Azure Migrate for containerization can be a stepping stone into containerisation, as it provides a first experience you can build upon. You can use it to quickly and easily migrate your existing applications to containers and run them on Azure. You can also use it to learn the best practices and tools for containerisation, such as Docker and Helm. You can then modify or extend the generated artefacts to customise your containerised applications according to your needs.

Why a stepping stone?

Azure Migrate is unlikely to give you the production-ready solution you are looking for, but it will kickstart your journey.

The decision was made, and you started. What’s next?

First and foremost, it is crucial to understand the characteristics of containers and how these translate to your current solution. These concern:

  • Scalability: One of the main characteristics of containers is that they are scalable, meaning that they can easily adjust to changes in demand and workload. Containers can be created, deployed, and destroyed in a matter of seconds, allowing for rapid scaling up or down. Containers also share the same underlying operating system and resources, which reduces the overhead and improves efficiency.

  • Portability: Another benefit of containers is that they are portable, meaning that they can run on any platform that supports container runtime.
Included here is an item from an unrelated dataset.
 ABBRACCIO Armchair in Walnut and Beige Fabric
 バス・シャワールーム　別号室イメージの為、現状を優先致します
Containers encapsulate all the dependencies and configurations of an application, making it easy to move them across different environments, such as development, testing, and production. Containers also enable consistent and reliable deployments, ensuring that the application behaves the same way regardless of where it runs.
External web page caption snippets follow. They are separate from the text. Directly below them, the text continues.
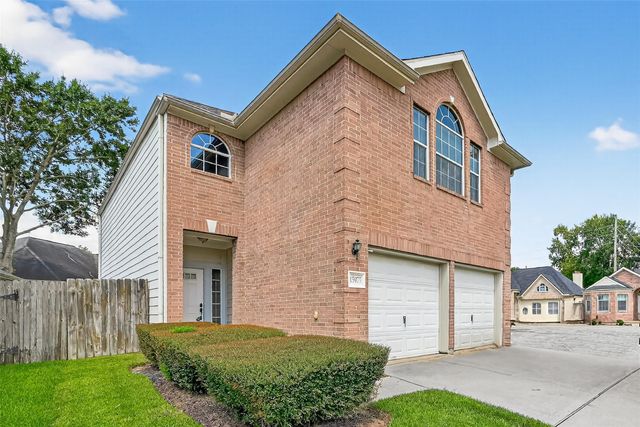 15975 W Bellefontaine Way — Villas/Lakewood Park Sec 02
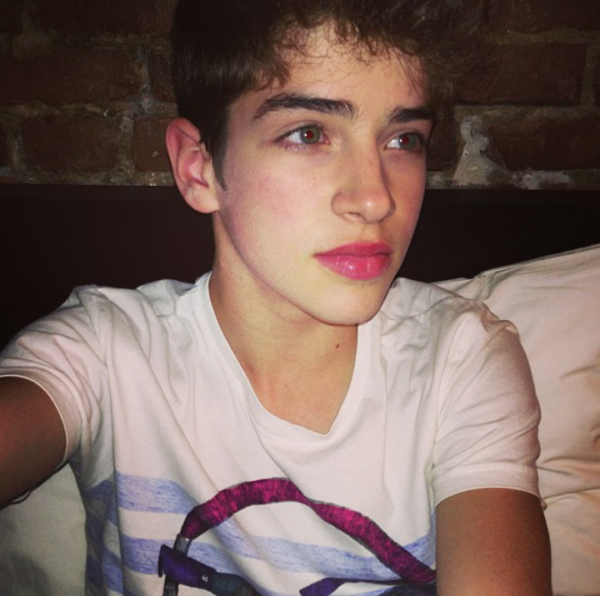 manu ríos selfie fotos evolución 2014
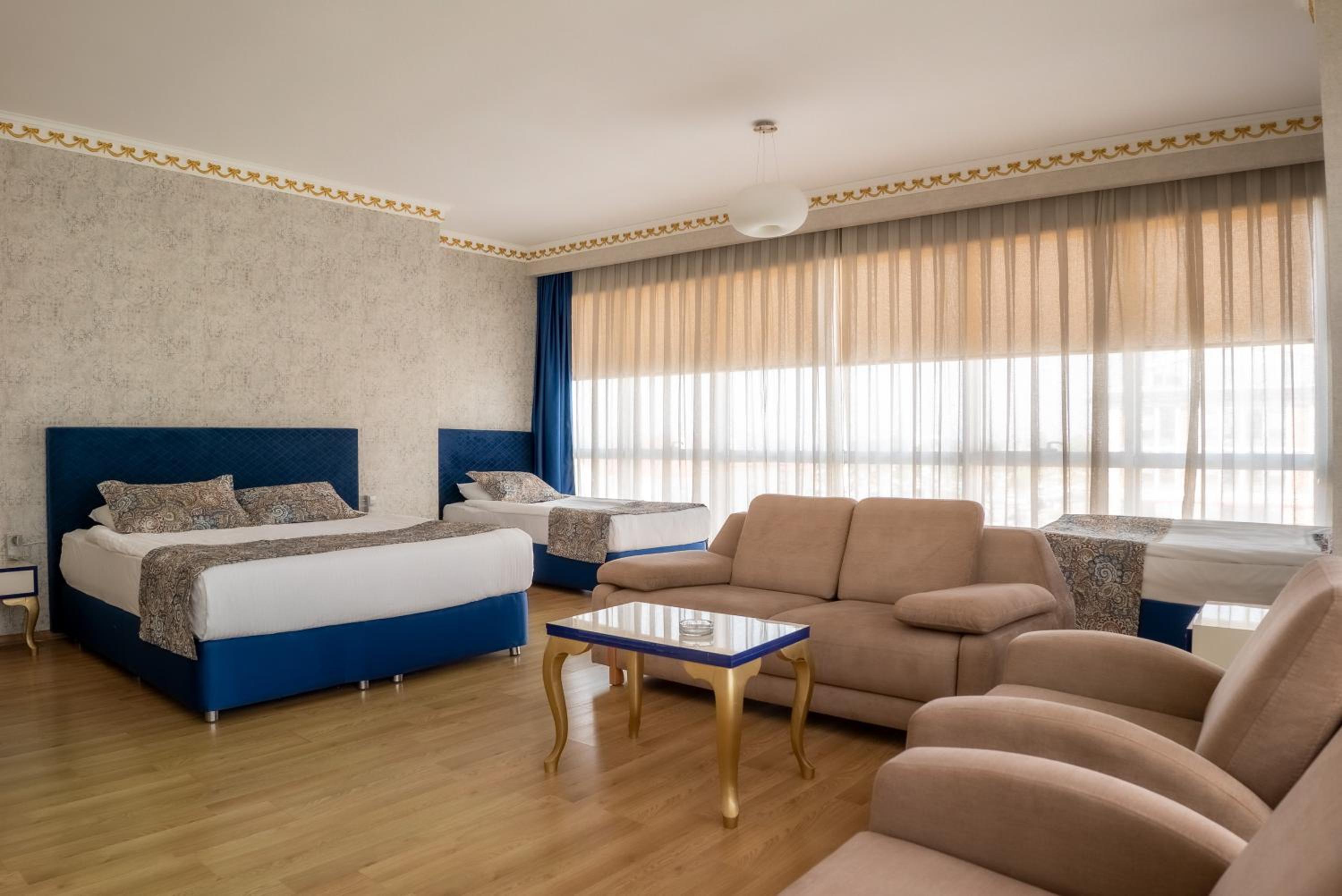 Grand Karot Hotel 37/56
  • State: State or no state? Another characteristic of containers is that they have different states, meaning they can store data internally or externally. Containers that store data internally are called stateful containers, and they persist data even after the container is stopped or deleted. Containers that store data externally are called stateless containers, and they rely on external services or volumes to store data. Stateless containers are more suitable for scaling and portability as they do not depend on the state of the container itself.

  • Orchestration: In bigger environments with multiple containers running, containers require orchestrators in bigger environments, meaning they need tools to manage and coordinate multiple containers across multiple nodes. Orchestrators, such as Azure Kubernetes Service (AKS), provide features such as service discovery, load balancing, health monitoring, configuration management, and security for containers. Orchestrators also automate the deployment, scaling, and recovery of containers, making it easier to handle complex and distributed applications.
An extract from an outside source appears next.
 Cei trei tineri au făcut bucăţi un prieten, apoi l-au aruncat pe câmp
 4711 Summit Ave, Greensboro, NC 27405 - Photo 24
Now, these are all amazing characteristics; some would call them features. However, your solution should support these. When we look at scalability, for example: Are you looking for the best possible availability and running multiple replicas of your backend API?

That would be a good choice, but are you sure this is supported? Will you not run into a piece of legacy code that prevents you from running multiple instances of your API and results in duplicate database entries?

It concerns things that need to be tested for and adjusted. The most important thing is accepting that when refactoring your application to run inside containers instead of a traditional virtual machine, you will not implement all the best practices at once. Instead, you will adjust the infrastructure to overcome limitations and maybe even use stateful containers to have less scalability at the start.

You will still enjoy the benefits of containers, such as fast deployments and self-healing concepts of Kubernetes, just not all of them, and that is okay. It provides you with a very clear roadmap.

Wrapping up:

In this article, we have provided a brief introduction to containerization, its benefits, and the necessary adjustments to make this transition successful.